Although never a towering artistic figure, Allen at one point had something to contribute. His stand-up routines in the 1960s had bite and wit. For some 15 years, from Annie Hall (1977) to Husbands and Wives (1992), his films offered some amusing insight into the doings of liberal, quasi-intellectual circles; if not as a whole, at least in part, the films had content and even dramatic weight. A serious falling off occurred in the mid-1990s, and the new century has only seen that intensify.

One doesn’t enjoy writing this again and again. There is nothing to gloat about in such a deterioration. It has a semi-tragic quality.

Allen has nothing to say at present. So he diverts himself and his audience in trivial ways. Why, for example, this newfound love affair with the upper crust in England? For the moment, the filmmaker has turned his back on his favorite New York City milieus. Certainly, he had exhausted some situations and characters (perhaps a decade ago!), but did he ever truly get to the bottom of things in Manhattan?

Has he, for example, ever grasped the extraordinary social polarization and the dramatic lurch to the right that have taken place in upper middle class, erstwhile liberal, sections of New York society? This has so much to do with the increasing barrenness and peculiarity of his films, but there is no indication that he ever came to terms with this process.

Having not understood what occurred in his beloved native city, Allen takes himself off to London, even less prepared. He proceeds to indulge in a fantasized view of a British high society (in Match Point and the new film) that is cultured, humane and attracted to ‘regular’ people, like Sondra and Sid.

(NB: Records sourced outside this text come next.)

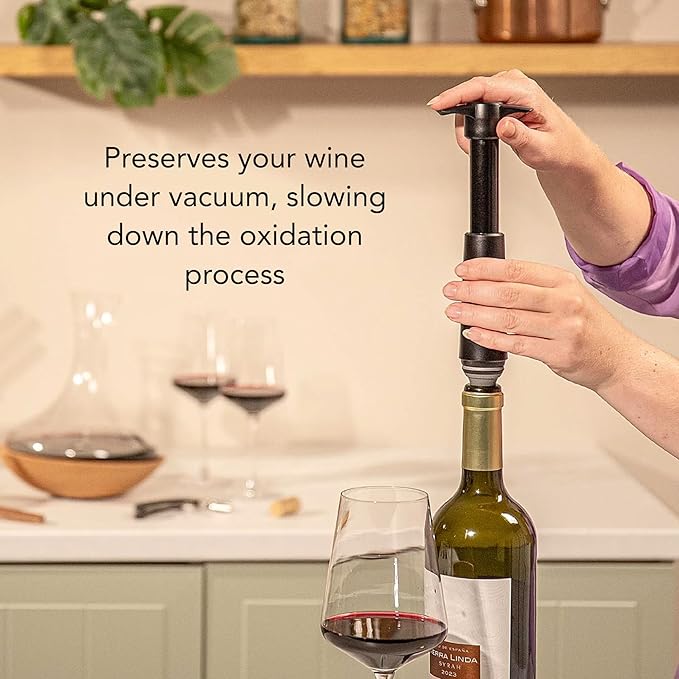 Vacu Vin Original Wine Saver with 4 Vacuum Bottle Stoppers – Black Wine Preserver Pump for Red or White Wine – Manual Air Remover System – Airtight Seal – Keep Wine Fresh Longer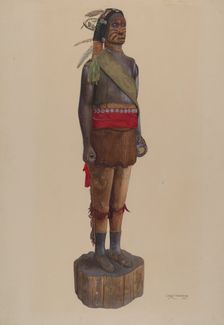 Cigar Store Indian, c. 1937. Creator: Chris Makrenos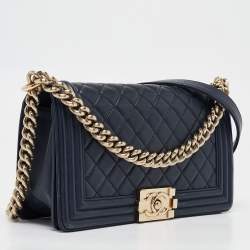 Chanel Navy Blue Quilted Leather Medium Boy Flap Bag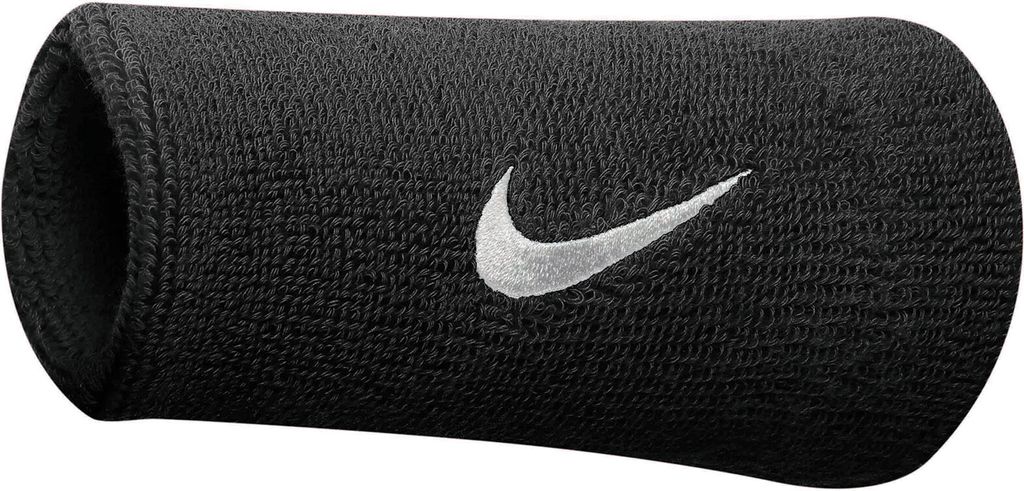 NIKE Swoosh Doublewide Wristbands schwarz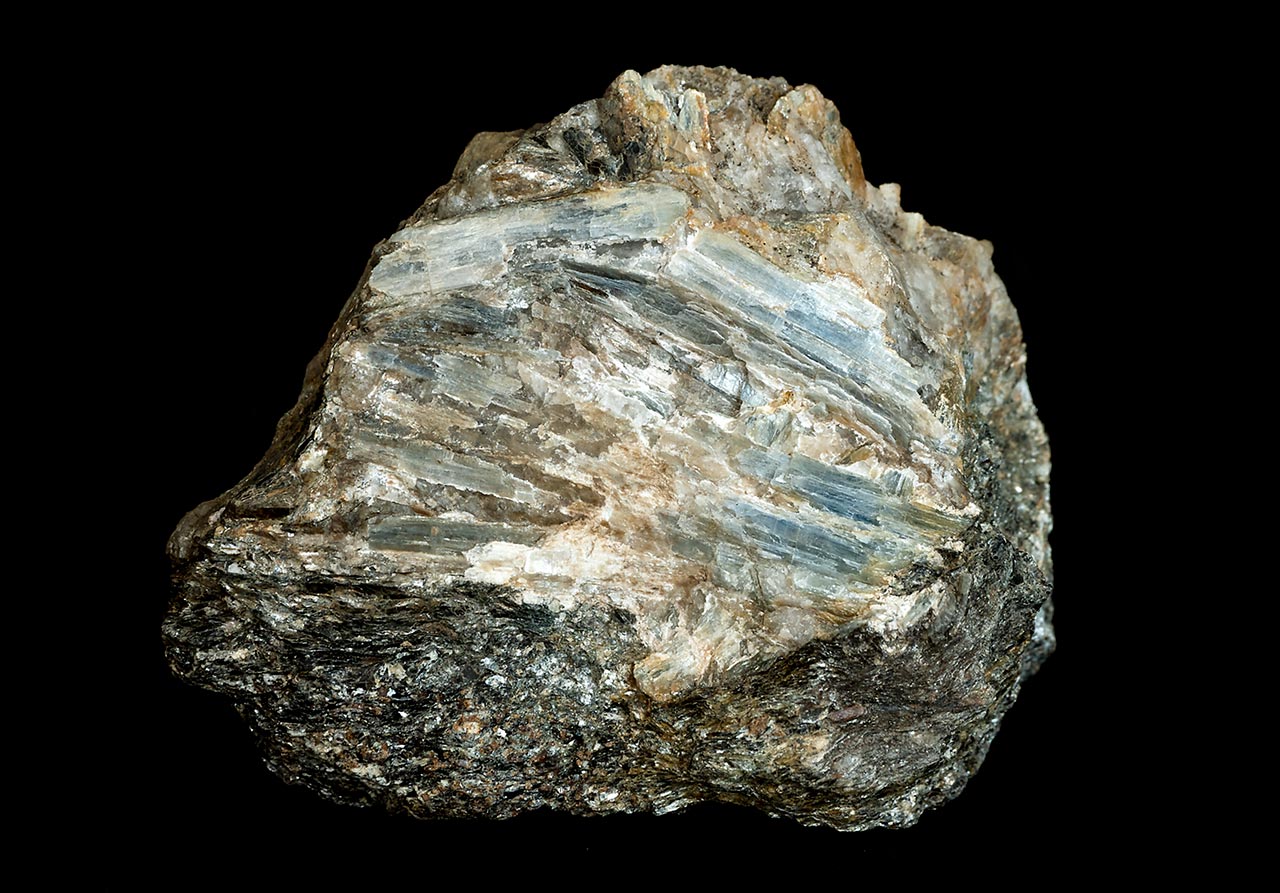 Pale blue kyanite in quartz lens from Frymburk, Czech Republic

In Scoop, whether Peter Lyman is a homicidal maniac or not thoroughly recedes into the background. What stands out is how beautifully he lives: a family estate exquisitely adorned; a townhouse with incredible art and a collection of priceless musical instruments; an idyllic country home on a private lake. These are lovingly and sensuously presented to the viewer. Murderer or no, Peter is a demi-god! The film’s score reinforces this prejudice with a melodious blend of Swan Lake, The Nutcracker Suite and Peer Gynt.

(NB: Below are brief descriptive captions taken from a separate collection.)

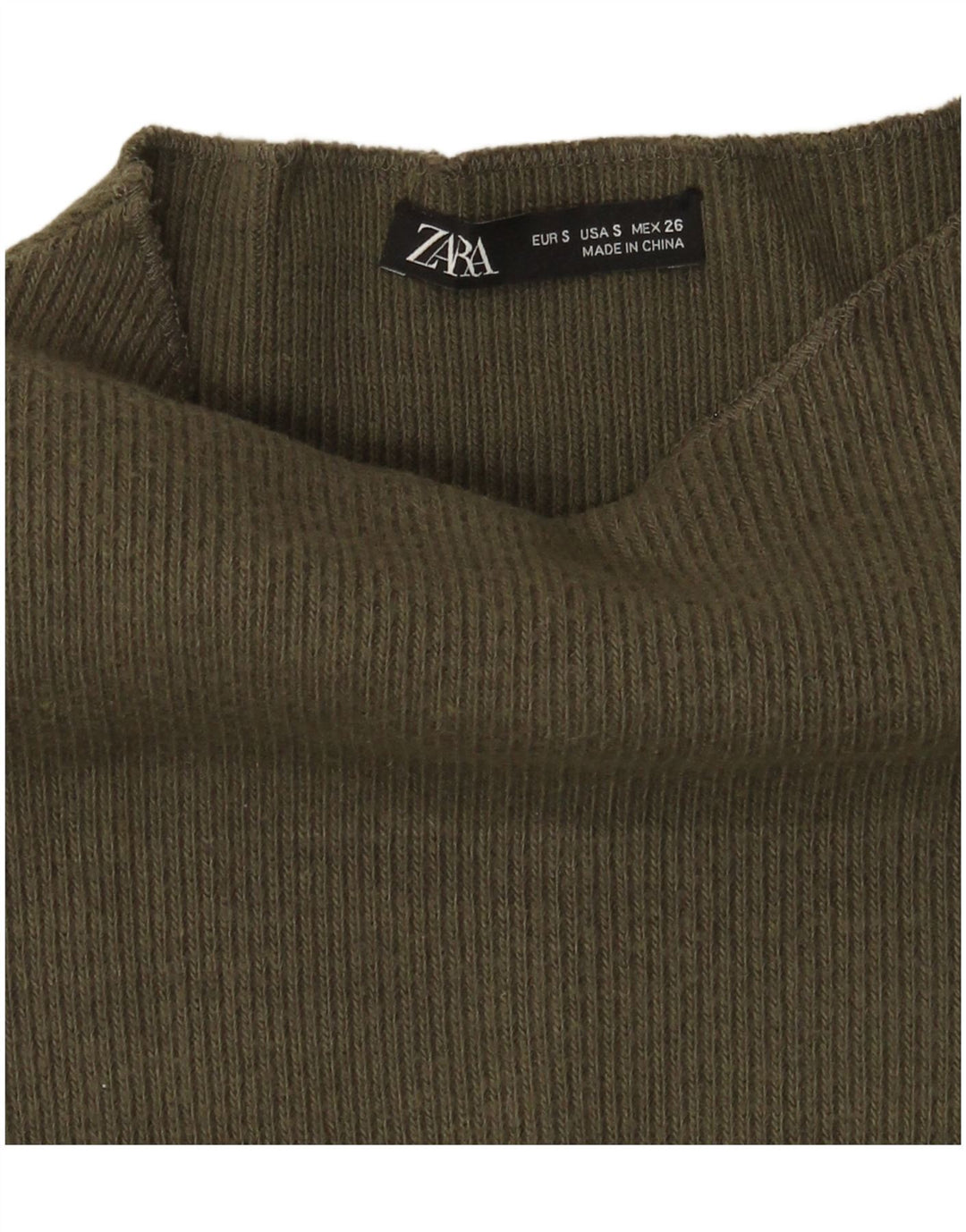 Zara Dame Oversized Turtle Neck Jumper Sweater UK 10 Small Khaki
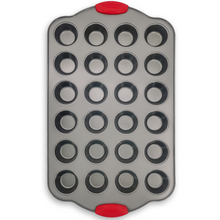 Load image into Gallery viewer, Boxiki Kitchen 24 Cup Mini Muffin Pan with Silicone Handles | Professional Non-Stick Cupcake Pan for Muffins, Cupcakes, Egg Bites, and More
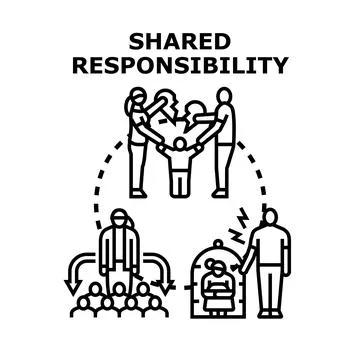 People taking shared responsibility for team and family Stock Illustration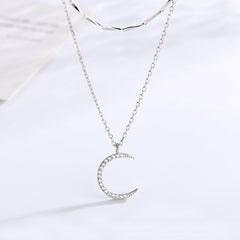 Double Layered Rhinestone Half Moon 925 Sterling Silver Necklace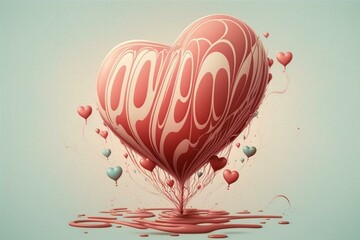 Heart-shaped balloon illustration for Valentine's Day decor and design. Generative AI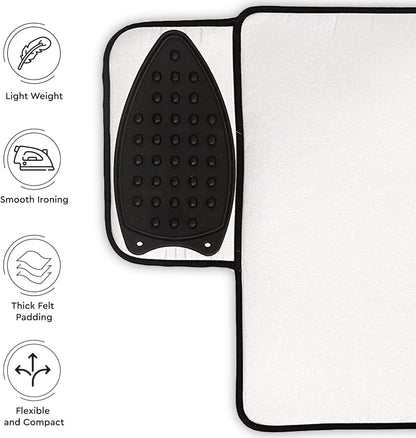 Encasa Homes Ironing Mat/Pad - Metallic Silver (Small 28"x20") with 5mm Foam Padding & Silicone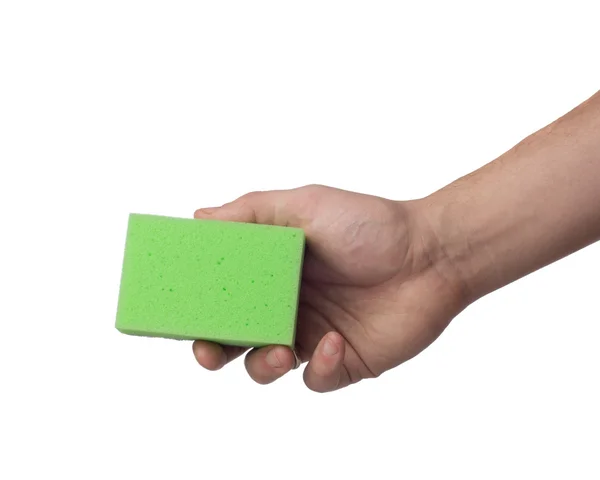 Hand with sponge isolated on white background — Stock Photo, Image
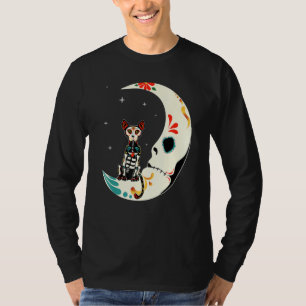 Sugar Skull Cat Moon Dia De Los Muertos Halloween T-Shirt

One senses, above all, as Allen-Waterman delivers his thoroughly time-battered jokes, that the filmmaker has run out of steam in any attempt to make sense of the world. Towards the film’s beginning he proclaims that “if more people had a sense or humor, we would not be in the state we’re in!” It hardly gets more banal or trite.

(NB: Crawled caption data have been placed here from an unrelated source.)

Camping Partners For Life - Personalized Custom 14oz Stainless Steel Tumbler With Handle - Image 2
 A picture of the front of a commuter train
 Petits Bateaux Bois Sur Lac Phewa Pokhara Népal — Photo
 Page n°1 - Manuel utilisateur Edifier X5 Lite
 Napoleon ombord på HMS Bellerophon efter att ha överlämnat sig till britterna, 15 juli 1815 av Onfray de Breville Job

Or maybe it does. In a 2005 interview with Der Spiegel, Allen, asked why there was not a hint about what happened September 11, 2001, in his recent films, replied: “[I]t’s because I don’t find political subjects or topical world events profound enough to get interested in them myself as an artist. As a filmmaker, I’m not interested in 9/11. Because, if you look at the big picture, the long view of things, it’s too small, history overwhelms it.

“The history of the world is like: he kills me, I kill him. Only with different cosmetics and different castings: so in 2001 some fanatics killed some Americans, and now some Americans are killing some Iraqis. And in my childhood, some Nazis killed Jews. And now, some Jewish people and some Palestinians are killing each other. Political questions, if you go back thousands of years, are ephemeral, not important. History is the same thing over and over again.”

What can one say? No one obliges the artist to understand with scientific precision the great laws of history. However, such a trivial, evasive and lazy view as Allen advances pretty well excludes him from having much of anything important to say to anyone.

About the Russian writer Andrey Biely (St. Petersburg), who complained that world-historic events such as the October Revolution of 1917 interfered with his art, Trotsky commented scornfully: “Andrey Biely accuses our Soviet epoch of being ‘terrible for writers who feel the call to large monumental canvases.’ He, the monumentalist is dragged, don’t you see, ‘to the arena of everydaydom,’ to the painting of ‘bon-bon boxes’! Can one, may I ask, turn reality and logic more roughly on their heads? ...”

It is not for the critic to write off a filmmaker. With comments like those above and films like Scoop, Allen, who was never a Biely to begin with, is writing himself off. It’s unfortunate, but the least one can do is to point out the elementary truth.